### Source data
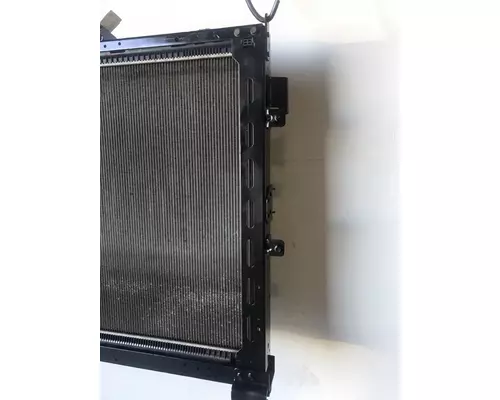 INTERNATIONAL LT625 Radiator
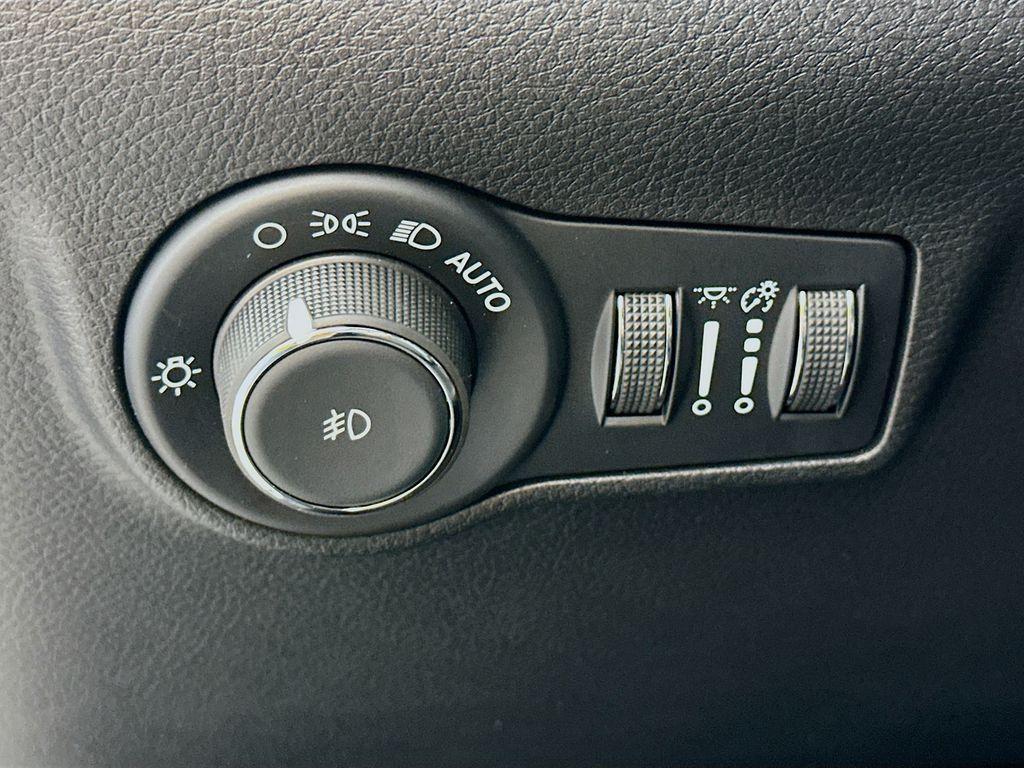 new 2025 Jeep Compass car, priced at $32,485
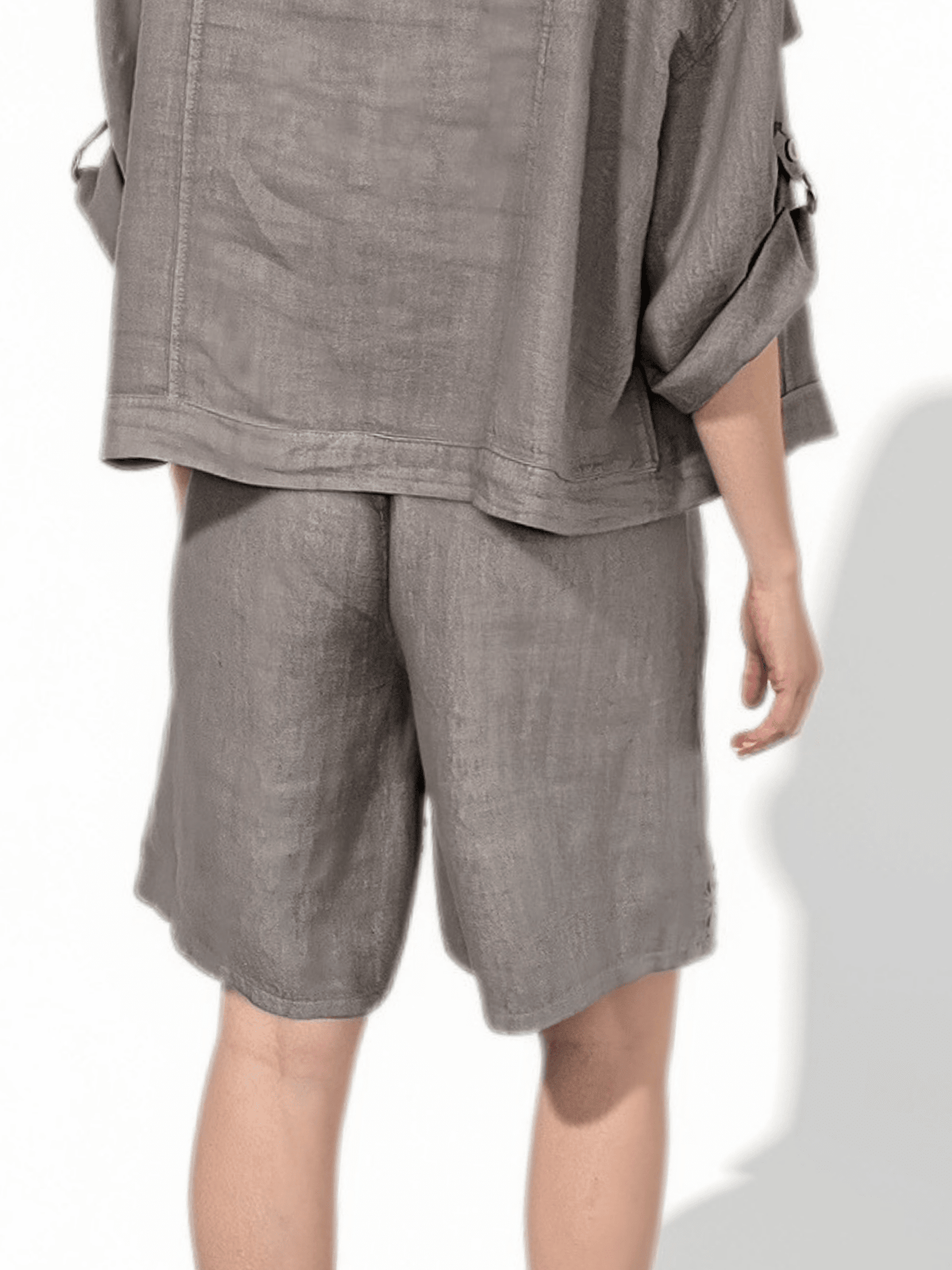 Short Italiano 100% Lino, con Bordado, color Taupe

### Task brief
A word-for-word restatement of all the lines above is needed, with the pictures omitted.

### Solution to the problem
 INTERNATIONAL LT625 Radiator
 new 2025 Jeep Compass car, priced at $32,485
 Short Italiano 100% Lino, con Bordado, color Taupe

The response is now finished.